*What is expected:* The reply must contain exactly the lines below from the one with "Diesel Prices By State Chart" down to the one with "Used 2019 Mitsubishi Mirage GT FWD image 11", both included, and nothing more; please omit the pictures.

*Data to use:*
******

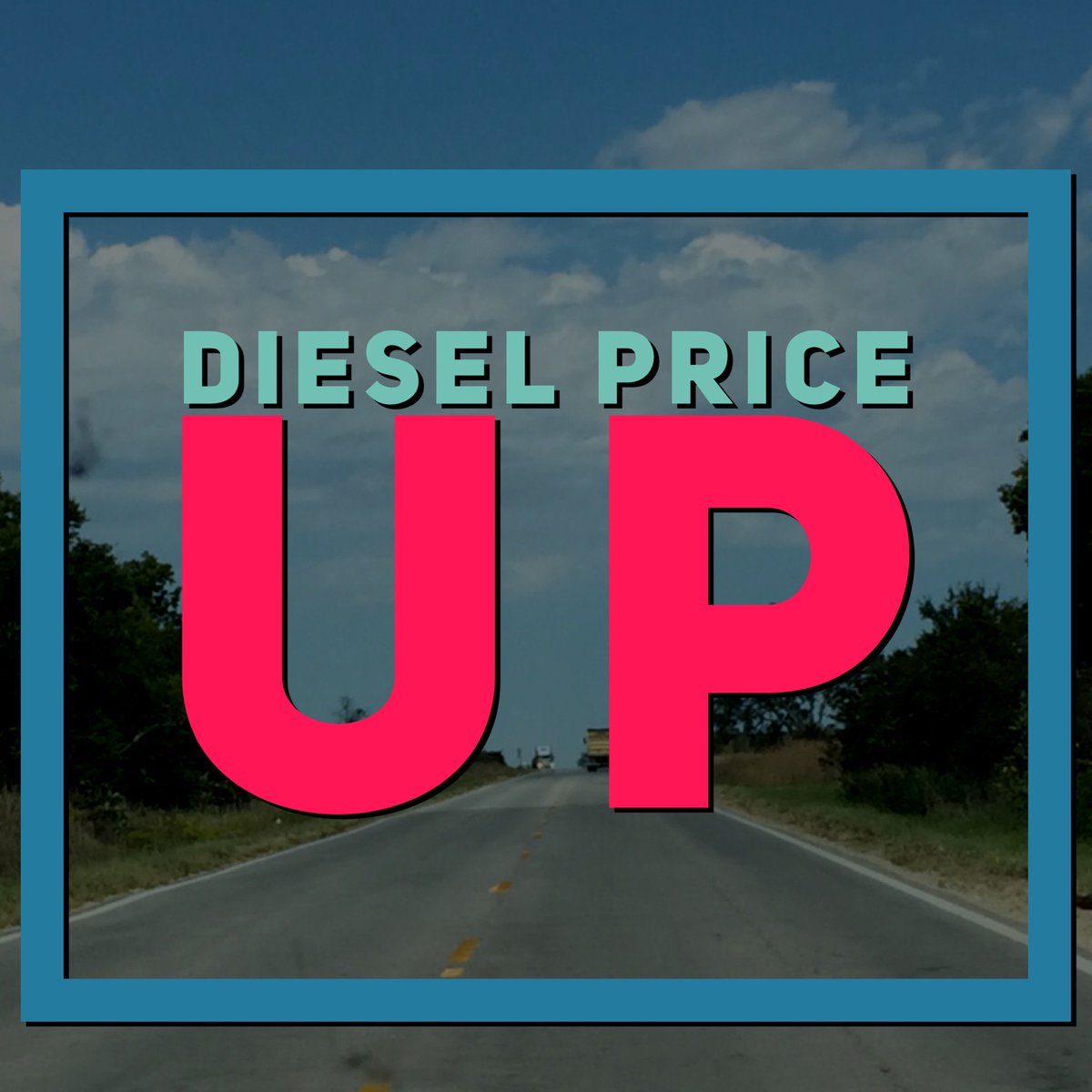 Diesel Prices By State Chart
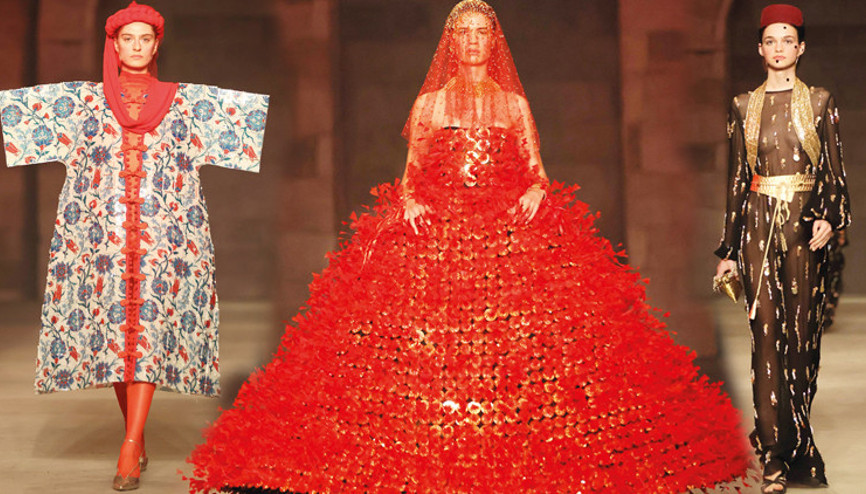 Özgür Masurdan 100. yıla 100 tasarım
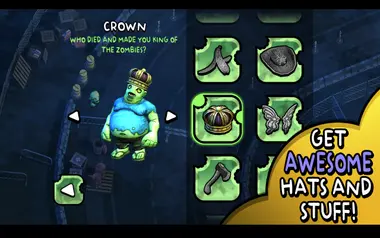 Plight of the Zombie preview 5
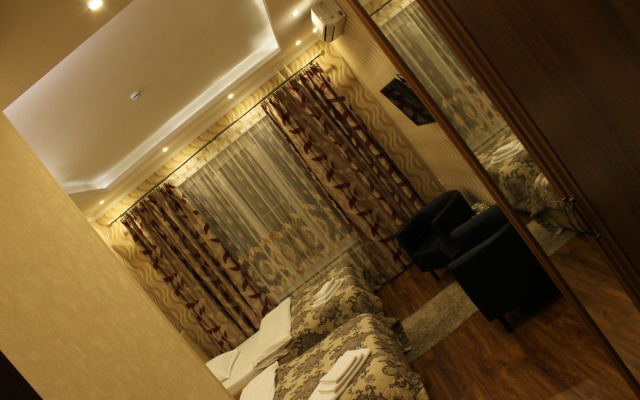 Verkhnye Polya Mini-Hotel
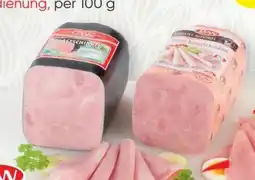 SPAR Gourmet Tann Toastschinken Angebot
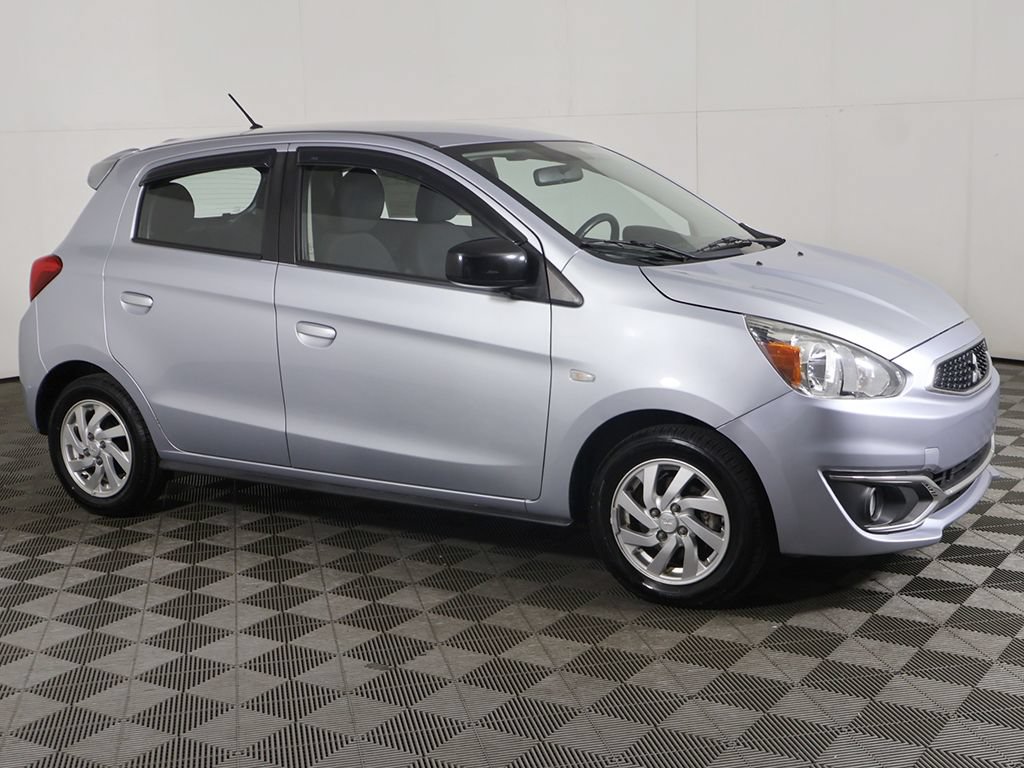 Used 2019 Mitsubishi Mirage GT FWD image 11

******

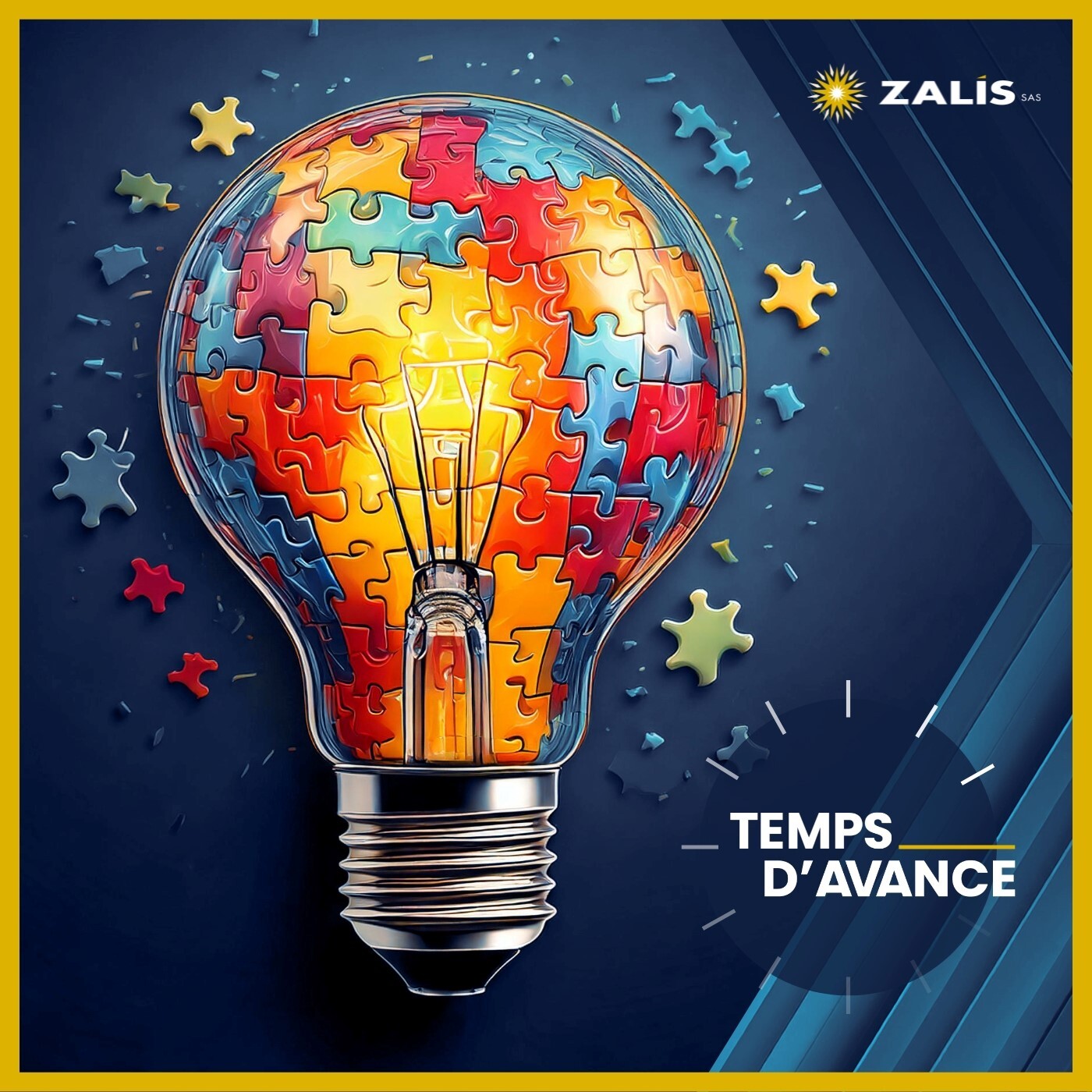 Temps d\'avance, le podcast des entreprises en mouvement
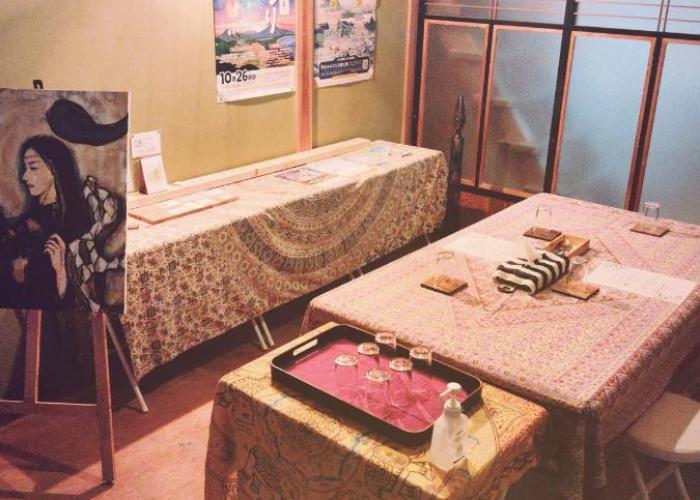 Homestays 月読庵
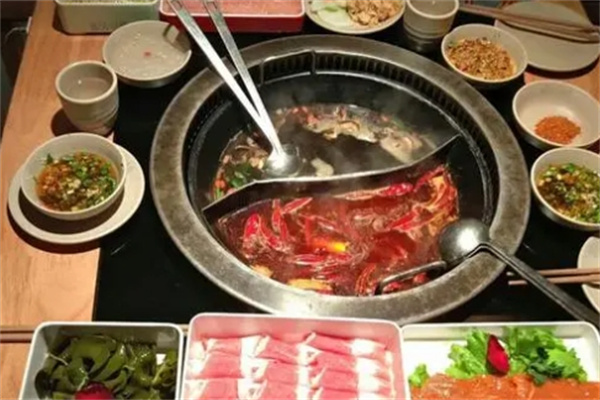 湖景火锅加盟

******

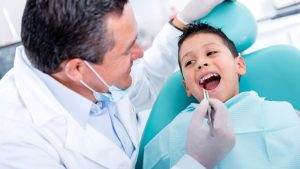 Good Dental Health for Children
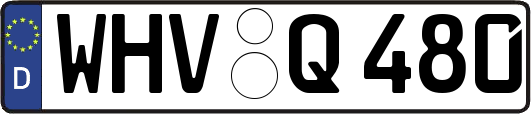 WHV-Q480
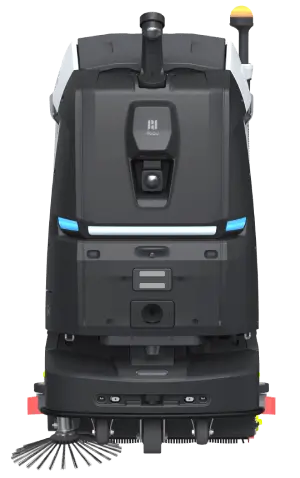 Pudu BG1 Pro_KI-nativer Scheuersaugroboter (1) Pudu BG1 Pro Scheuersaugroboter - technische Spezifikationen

******

*Solution for this task:*
 Diesel Prices By State Chart
 Özgür Masurdan 100. yıla 100 tasarım
 Plight of the Zombie preview 5
 Verkhnye Polya Mini-Hotel
 SPAR Gourmet Tann Toastschinken Angebot
 Used 2019 Mitsubishi Mirage GT FWD image 11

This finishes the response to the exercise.